Quotas work in a hierarchy.
Quota-thinking is hierarchy thinking. Aren’t we moving to a world where the dominant form of organisation is a flatter network? My presentation at Web2.0 tried to show that in a networked world, of itself, the network is gender-agnostic although in practice a networked system tends to favour women who play to their strengths of building rich relationships. How do you impose a quota in a network? Especially one that is almost completely free to join? I can see that in a hierarchical model, there are gatekeepers to the centres of power and authority and that if these are biased that leads to a bias throughout the system. So have a quota for unbiased gatekeepers and you ‘solve’ the problem (unintended consequences aside).
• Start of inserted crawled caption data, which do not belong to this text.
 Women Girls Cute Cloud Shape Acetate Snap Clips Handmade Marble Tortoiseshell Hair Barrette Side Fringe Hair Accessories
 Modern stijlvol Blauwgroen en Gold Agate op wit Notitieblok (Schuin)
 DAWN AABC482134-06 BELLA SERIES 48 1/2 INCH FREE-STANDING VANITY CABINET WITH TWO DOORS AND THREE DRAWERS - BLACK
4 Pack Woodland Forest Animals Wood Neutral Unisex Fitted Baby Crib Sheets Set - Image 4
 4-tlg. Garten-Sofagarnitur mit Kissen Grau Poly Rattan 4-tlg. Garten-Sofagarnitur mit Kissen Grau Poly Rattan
But as hyperlinks continue to subvert hierarchy, as we come to see that the shadow-side network is as important as any bureacracy and that unintended consequence can not be brushed aside, why cling on to tools that no longer work?
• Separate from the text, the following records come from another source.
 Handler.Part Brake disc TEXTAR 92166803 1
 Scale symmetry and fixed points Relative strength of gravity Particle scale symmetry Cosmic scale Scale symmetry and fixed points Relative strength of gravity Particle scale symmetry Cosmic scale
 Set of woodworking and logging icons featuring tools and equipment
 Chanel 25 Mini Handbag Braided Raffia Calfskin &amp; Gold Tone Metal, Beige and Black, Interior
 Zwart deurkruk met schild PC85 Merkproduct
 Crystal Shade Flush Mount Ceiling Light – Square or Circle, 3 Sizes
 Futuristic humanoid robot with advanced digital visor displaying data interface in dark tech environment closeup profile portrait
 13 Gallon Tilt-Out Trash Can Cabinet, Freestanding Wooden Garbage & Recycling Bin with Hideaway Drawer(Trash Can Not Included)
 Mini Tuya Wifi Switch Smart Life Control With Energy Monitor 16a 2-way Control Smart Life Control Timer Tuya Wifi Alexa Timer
In the case of the “network of networks” the suggestion that we should ensure that each network is adequately represented at the table displays a complete misunderstanding of the nature of these networks. They have no clear boundaries, very low barriers to membership and very flat structures (if they have any at all) Most of all, they are not mutually exclusive. How do you decide who’s representing what and how? Let’s take the Tuttle Club as an example (just because I know it well) Say we had 30 places at Amplified08. How would we decide who’s going or not? Well, perhaps we’d have to say, those people who aren’t members of other networks need to be prioritised because they have no other chances to get in. But are these really the people we want to be representing us? The one’s who are otherwise unconnected? So let’s go for those who have the most memberships. Ooops – memberships? What does that mean? Or how about the 30 who’ve attended the most number of friday morning meetups. Gosh darnit Lloyd, what do you mean, you don’t keep neat and orderly records of who’s attended?!? And do all of these groups have common ideas of what it means to be a member? Attendance at one meeting, 20% of meetings, contribution to online activity gaaah it’s so silly! Why get into this ridiculous conversation? There’s a solution that already works for each of the networks individually – first come, first served – I don’t get why this can’t work for the bigger group too.

Clearly I’m a muddle-headed white, straight, middle-class, university-educated man who’s never had to deal with discrimination in any form and therefore doesn’t understand this stuff. What a good job I’ve got a blog and don’t have to depend on anyone else to decide whether my thoughts are worth publishing.